Shape Your Digital Future! could not have been a more fitting theme for the 2017 IGF. It inspired me to create Digital Grassroots in response to what I see as a gaping digital divide. Despite being major stakeholders of the Internet, young people from marginalized communities are underrepresented in major policy developments and implementation processes that shape our digital future. Events like the IGF can often be taken for granted, and I believe it sets a dangerous precedent for the global IGF to be circulating throughout Europe, when digital rights abuses like Internet shutdowns, social media tax, and threats to journalistic freedom of speech happen predominantly outside the region. While the IGF is mainly for dialogue, for persons who live under administrations that believe “governance” in Internet Governance means government, such dialogue could make a world of difference.
Our team of 2017 Youth@IGF fellows, all under 25 years old and living in 11 different nations across the globe, are passionate about the core values of the Internet. Together we are striving towards ensuring openness, security, privacy, web literacy, and decentralization of the Internet. Starting at the grassroots level, Digital Grassroots created an Internet literacy course to address the existing lack of awareness of basic Internet literacy knowledge in local communities in the developing world. Our Cohort 1 Outcome Report highlights the impact we’ve had. After three cohorts, the final one being in French, we have released a Communiqué on Youth Resolutions in Internet Governance. Mozilla Open Leaders gave our team the tools we needed to work and lead Open, helping us to empower and collaborate within inclusive communities. In 2018, we trained at least 300 young people in digital literacy and mentored over 100 in youth participation in Internet Governance.
Now at 24 years old, I recognize that representation matters if we want to see transformative change online and off. And this is why Digital Grassroots is so important. If we do not create these spaces for ourselves to participate and to be heard, no one will.
Young people seem to have to do more to get a seat at the table, especially young people from underrepresented regions. For most of our team it has meant sleepless nights, working long hours, and sacrificing our own resources to create a relatable Internet literacy course, build a Digital Rights Monopoly game, mentor youth in Internet Governance, travel to meetings, and organize youth IGFs and national IGFs. Digital Grassroots has also recently raised a petition asking local and international Internet Governance bodies to include youth at the table and we invite everyone to sign it.
It’s our future
The journey may start at the IGF but it does not end there. In 2019, I will be curating the Internet Freedom Festival (IFF) as the Next Net IFF Community Development fellow. Next Net focuses on the future of the Internet, opportunities, and risks. The Internet we want.

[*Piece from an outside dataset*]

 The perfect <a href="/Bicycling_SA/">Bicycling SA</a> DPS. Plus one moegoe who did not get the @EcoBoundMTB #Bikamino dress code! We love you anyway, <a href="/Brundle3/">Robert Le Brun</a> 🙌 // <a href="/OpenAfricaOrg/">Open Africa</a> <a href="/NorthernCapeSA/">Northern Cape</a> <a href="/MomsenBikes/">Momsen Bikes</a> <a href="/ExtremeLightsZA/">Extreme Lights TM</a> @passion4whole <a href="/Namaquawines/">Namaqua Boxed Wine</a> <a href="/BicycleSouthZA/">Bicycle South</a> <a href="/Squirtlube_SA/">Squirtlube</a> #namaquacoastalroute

The Web may not have been invented for a person like me, who did not start out life as a digital native regardless of the era. Policymakers may brush someone like me aside because I don’t fit the market group and seem to have little influence. This is an oversight.
Youth have the power and skill to reinvent and shape an open and healthy Internet, if given the opportunity.
Regardless of attitudes towards young people, girls, and the underrepresented when it comes to participating in Internet issues, it will remain that the Internet is on our side; a neutral platform that embraces all equally.
We are inventing the Internet we want because our future depends on it.